Água sem Barragens nas Bacias Amazônicas
Preocupados com a continuidade dos empreendimentos
na área de energia previstos para a Amazônia pelo Programa
Avança Brasil, os 160 participantes, de 66 entidades, do
I Encontro Interestadual contra as Barragens do Araguaia-Tocantins,
realizado em dezembro de 2002, elaboraram uma carta para o presidente
Lula, referendada durante o II Fórum Social Pan-Amazônico,
ocorrido em Belém (PA), entre 16 e 19/01.
No documento, que faz parte da campanha Água
sem Barragens nas Bacias Amazônicas, as organizações
propõem: (i) a abertura de discussão com a equipe
de governo para uma moratória nas obras em curso na região
para que, a partir de uma avaliação dos impactos cumulativos
e das alternativas existentes, seja revista a política energética
do país, a fim de que não haja mais prejuízos
às populações e ao meio ambiente local; (ii)
a criação de uma Comissão Parlamentar de Inquérito
(CPI) no Congresso Nacional para investigar os impactos e as violações
dos direitos humanos e ambientais provocados pela construção
e pelo funcionamento de hidrelétricas na Amazônica;
e (iii) a criação de políticas técnico-científicas
para pesquisa sobre fontes limpas e alternativas de geração
de energia.
Pinguelli, a Eletrobrás e Belo Monte
Um dos coordenadores do programa de energia do
PT, o físico e e ex-coordenador de Programas de Pós-Graduação
em Engenharia da Universidade Federal do Rio de Janeiro (UFRJ) Luiz
Pinguelli Rosa, assumiu no início de janeiro a Presidência
da Eletrobrás (Centrais Elétricas do Brasil S.A) -
"holding" das concessionárias de geração
e transmissão de energia elétrica de propriedade do
governo federal, ligada ao Ministério de Minas e Energia.
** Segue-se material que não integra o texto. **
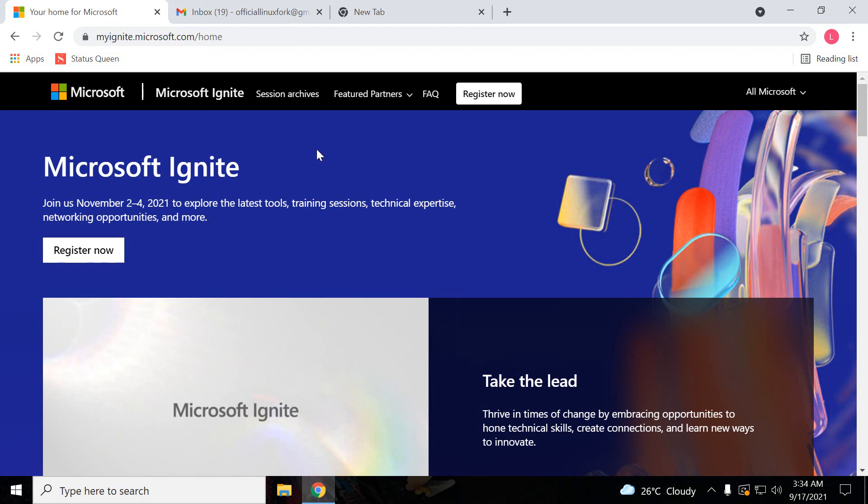Hi friends, welcome back to my channel. My name is Chandan and this is a quick video. In this video I'm just going to show you how we can register for the Microsoft Ignite event.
Em seu discurso de posse, Pinguelli citou os impactos
ambientais e sociais das barragens como uma de suas principais preocupações
com o meio ambiente, assim como a poluição atmosférica
das termelétricas, o efeito estufa e os riscos dos reatores
nucleares. O presidente da Eletrobrás anunciou que, entre
as primeiras medidas a serem propostas para o órgão
estão o projeto de inclusão elétrica, universalizando
o acesso a energia no Brasil, utilizando para isso fontes alternativas
em locais onde a extensão da rede for muito cara, e o estabelecimento
de uma Ouvidoria Pública. A ouvidoria deverá zelar
pela qualidade do serviço do setor elétrico, o combate
à improbidade administrativa e ineficiência empresarial
e pela articulação com os movimentos sociais, como
o Movimento dos Atingidos por Barragens (MAB), populações
indígenas e quilombolas.
O movimento social e os ambientalistas esperam
realmente que Pinguelli considere os impactos socioambientais das
barragens. Em entrevista coletiva à imprensa no dia 29/01,
o novo presidente da Eletrobrás afirmou que o projeto de
construção da Usina Hidrelétrica de Belo Monte
voltará a ser discutido; será para isso analisado
pelo Conselho de Presidentes das Empresas do Sistema Eletrobrás
(Concise) e por um grupo de estudo recém-criado para reestruturar
o Sistema Elétrico Brasileiro, formado por executivos das
estatais, especialistas, acadêmicos, entre outros.
A criação de oportunidades de desenvolvimento
econômico e social no entorno da barragem, para compensar
o impacto ambiental e aproveitar a estrutura da obra, e a participação
de investidores privados foram, até o momento, as únicas
questões socioambientais destacadas por ele para serem estudadas.